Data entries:
__________

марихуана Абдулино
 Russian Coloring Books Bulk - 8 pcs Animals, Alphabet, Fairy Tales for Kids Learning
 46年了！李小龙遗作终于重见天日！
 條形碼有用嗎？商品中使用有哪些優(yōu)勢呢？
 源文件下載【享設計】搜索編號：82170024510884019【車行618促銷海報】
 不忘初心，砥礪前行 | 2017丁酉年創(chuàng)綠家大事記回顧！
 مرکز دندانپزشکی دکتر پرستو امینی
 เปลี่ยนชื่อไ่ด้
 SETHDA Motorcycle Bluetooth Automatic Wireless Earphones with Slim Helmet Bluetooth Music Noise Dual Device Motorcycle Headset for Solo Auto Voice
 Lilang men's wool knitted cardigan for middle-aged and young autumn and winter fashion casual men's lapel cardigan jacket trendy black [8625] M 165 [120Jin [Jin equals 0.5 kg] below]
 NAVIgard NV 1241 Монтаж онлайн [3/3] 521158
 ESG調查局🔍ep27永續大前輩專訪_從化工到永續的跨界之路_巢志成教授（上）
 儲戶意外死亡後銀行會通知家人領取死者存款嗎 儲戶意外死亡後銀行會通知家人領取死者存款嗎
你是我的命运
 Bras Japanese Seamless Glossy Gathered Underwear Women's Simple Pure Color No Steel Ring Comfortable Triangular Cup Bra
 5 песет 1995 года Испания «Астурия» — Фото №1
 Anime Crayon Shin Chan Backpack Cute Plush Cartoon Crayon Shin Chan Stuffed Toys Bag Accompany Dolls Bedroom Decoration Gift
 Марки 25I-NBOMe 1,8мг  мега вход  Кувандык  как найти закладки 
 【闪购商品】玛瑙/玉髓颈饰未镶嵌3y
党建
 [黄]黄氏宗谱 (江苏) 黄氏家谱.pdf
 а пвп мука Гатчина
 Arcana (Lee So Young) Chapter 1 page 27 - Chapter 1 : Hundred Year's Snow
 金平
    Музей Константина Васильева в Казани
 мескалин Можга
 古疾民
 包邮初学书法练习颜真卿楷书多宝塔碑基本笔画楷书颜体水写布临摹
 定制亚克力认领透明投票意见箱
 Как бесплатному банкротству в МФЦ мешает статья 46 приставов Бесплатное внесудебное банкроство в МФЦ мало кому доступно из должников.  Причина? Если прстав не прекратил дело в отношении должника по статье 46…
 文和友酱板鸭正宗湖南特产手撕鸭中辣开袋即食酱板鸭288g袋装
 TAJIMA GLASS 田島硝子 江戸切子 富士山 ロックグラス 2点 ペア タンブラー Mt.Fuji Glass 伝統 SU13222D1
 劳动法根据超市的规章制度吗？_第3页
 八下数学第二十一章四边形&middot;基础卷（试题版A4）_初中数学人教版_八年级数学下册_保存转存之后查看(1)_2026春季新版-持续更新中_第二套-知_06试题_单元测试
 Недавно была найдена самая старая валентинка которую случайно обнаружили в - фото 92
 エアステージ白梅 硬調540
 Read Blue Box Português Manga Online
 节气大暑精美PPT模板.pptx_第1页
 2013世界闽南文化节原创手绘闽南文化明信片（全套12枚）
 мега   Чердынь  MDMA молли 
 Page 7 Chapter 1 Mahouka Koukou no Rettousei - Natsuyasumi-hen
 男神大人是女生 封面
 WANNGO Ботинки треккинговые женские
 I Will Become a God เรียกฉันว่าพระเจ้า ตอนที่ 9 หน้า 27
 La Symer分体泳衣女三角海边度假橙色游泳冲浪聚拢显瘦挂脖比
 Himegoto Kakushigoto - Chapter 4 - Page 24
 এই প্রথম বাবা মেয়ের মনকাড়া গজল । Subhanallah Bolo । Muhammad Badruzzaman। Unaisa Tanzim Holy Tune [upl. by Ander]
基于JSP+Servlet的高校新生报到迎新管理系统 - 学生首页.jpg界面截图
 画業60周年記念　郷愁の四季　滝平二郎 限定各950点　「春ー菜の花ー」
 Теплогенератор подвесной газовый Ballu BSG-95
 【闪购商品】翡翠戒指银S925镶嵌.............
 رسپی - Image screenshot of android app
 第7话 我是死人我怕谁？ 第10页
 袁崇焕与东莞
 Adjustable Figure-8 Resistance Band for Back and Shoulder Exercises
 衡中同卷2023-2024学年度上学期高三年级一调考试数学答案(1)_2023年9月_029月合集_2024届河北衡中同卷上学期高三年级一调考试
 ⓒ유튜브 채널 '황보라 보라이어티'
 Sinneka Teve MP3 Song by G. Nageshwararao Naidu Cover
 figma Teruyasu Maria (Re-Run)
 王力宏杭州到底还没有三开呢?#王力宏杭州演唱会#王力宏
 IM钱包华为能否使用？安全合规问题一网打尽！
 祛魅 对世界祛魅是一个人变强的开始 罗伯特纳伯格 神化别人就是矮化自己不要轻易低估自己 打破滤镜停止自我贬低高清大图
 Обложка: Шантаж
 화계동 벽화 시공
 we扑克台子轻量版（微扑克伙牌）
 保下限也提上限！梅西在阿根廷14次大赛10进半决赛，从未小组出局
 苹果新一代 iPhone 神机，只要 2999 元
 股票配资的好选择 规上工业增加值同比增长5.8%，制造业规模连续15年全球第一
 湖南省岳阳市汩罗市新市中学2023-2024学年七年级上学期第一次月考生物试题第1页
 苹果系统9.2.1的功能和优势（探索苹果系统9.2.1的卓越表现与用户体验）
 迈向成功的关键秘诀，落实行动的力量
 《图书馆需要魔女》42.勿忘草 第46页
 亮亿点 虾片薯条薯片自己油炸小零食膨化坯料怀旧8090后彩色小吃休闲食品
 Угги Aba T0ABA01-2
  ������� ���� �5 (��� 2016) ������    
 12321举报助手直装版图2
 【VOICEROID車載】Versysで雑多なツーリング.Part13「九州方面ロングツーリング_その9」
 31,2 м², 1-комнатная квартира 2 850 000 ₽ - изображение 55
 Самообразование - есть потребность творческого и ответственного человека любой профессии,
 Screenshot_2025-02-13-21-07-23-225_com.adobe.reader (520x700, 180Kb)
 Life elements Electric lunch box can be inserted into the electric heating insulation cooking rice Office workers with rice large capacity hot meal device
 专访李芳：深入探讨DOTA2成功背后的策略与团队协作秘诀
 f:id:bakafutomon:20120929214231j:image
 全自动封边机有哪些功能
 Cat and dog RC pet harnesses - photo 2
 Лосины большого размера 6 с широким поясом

__________

Task statement: Set down again, word for word, the stretch of records from the line with "[黄]黄氏宗谱 (江苏) 黄氏家谱.pdf" to the line with "迈向成功的关键秘诀，落实行动的力量", both of those lines included.

Result of this task:
 [黄]黄氏宗谱 (江苏) 黄氏家谱.pdf
 а пвп мука Гатчина
 Arcana (Lee So Young) Chapter 1 page 27 - Chapter 1 : Hundred Year's Snow
 金平
    Музей Константина Васильева в Казани
 мескалин Можга
 古疾民
 包邮初学书法练习颜真卿楷书多宝塔碑基本笔画楷书颜体水写布临摹
 定制亚克力认领透明投票意见箱
 Как бесплатному банкротству в МФЦ мешает статья 46 приставов Бесплатное внесудебное банкроство в МФЦ мало кому доступно из должников.  Причина? Если прстав не прекратил дело в отношении должника по статье 46…
 文和友酱板鸭正宗湖南特产手撕鸭中辣开袋即食酱板鸭288g袋装
 TAJIMA GLASS 田島硝子 江戸切子 富士山 ロックグラス 2点 ペア タンブラー Mt.Fuji Glass 伝統 SU13222D1
 劳动法根据超市的规章制度吗？_第3页
 八下数学第二十一章四边形&middot;基础卷（试题版A4）_初中数学人教版_八年级数学下册_保存转存之后查看(1)_2026春季新版-持续更新中_第二套-知_06试题_单元测试
 Недавно была найдена самая старая валентинка которую случайно обнаружили в - фото 92
 エアステージ白梅 硬調540
 Read Blue Box Português Manga Online
 节气大暑精美PPT模板.pptx_第1页
 2013世界闽南文化节原创手绘闽南文化明信片（全套12枚）
 мега   Чердынь  MDMA молли 
 Page 7 Chapter 1 Mahouka Koukou no Rettousei - Natsuyasumi-hen
 男神大人是女生 封面
 WANNGO Ботинки треккинговые женские
 I Will Become a God เรียกฉันว่าพระเจ้า ตอนที่ 9 หน้า 27
 La Symer分体泳衣女三角海边度假橙色游泳冲浪聚拢显瘦挂脖比
 Himegoto Kakushigoto - Chapter 4 - Page 24
 এই প্রথম বাবা মেয়ের মনকাড়া গজল । Subhanallah Bolo । Muhammad Badruzzaman। Unaisa Tanzim Holy Tune [upl. by Ander]
基于JSP+Servlet的高校新生报到迎新管理系统 - 学生首页.jpg界面截图
 画業60周年記念　郷愁の四季　滝平二郎 限定各950点　「春ー菜の花ー」
 Теплогенератор подвесной газовый Ballu BSG-95
 【闪购商品】翡翠戒指银S925镶嵌.............
 رسپی - Image screenshot of android app
 第7话 我是死人我怕谁？ 第10页
 袁崇焕与东莞
 Adjustable Figure-8 Resistance Band for Back and Shoulder Exercises
 衡中同卷2023-2024学年度上学期高三年级一调考试数学答案(1)_2023年9月_029月合集_2024届河北衡中同卷上学期高三年级一调考试
 ⓒ유튜브 채널 '황보라 보라이어티'
 Sinneka Teve MP3 Song by G. Nageshwararao Naidu Cover
 figma Teruyasu Maria (Re-Run)
 王力宏杭州到底还没有三开呢?#王力宏杭州演唱会#王力宏
 IM钱包华为能否使用？安全合规问题一网打尽！
 祛魅 对世界祛魅是一个人变强的开始 罗伯特纳伯格 神化别人就是矮化自己不要轻易低估自己 打破滤镜停止自我贬低高清大图
 Обложка: Шантаж
 화계동 벽화 시공
 we扑克台子轻量版（微扑克伙牌）
 保下限也提上限！梅西在阿根廷14次大赛10进半决赛，从未小组出局
 苹果新一代 iPhone 神机，只要 2999 元
 股票配资的好选择 规上工业增加值同比增长5.8%，制造业规模连续15年全球第一
 湖南省岳阳市汩罗市新市中学2023-2024学年七年级上学期第一次月考生物试题第1页
 苹果系统9.2.1的功能和优势（探索苹果系统9.2.1的卓越表现与用户体验）
 迈向成功的关键秘诀，落实行动的力量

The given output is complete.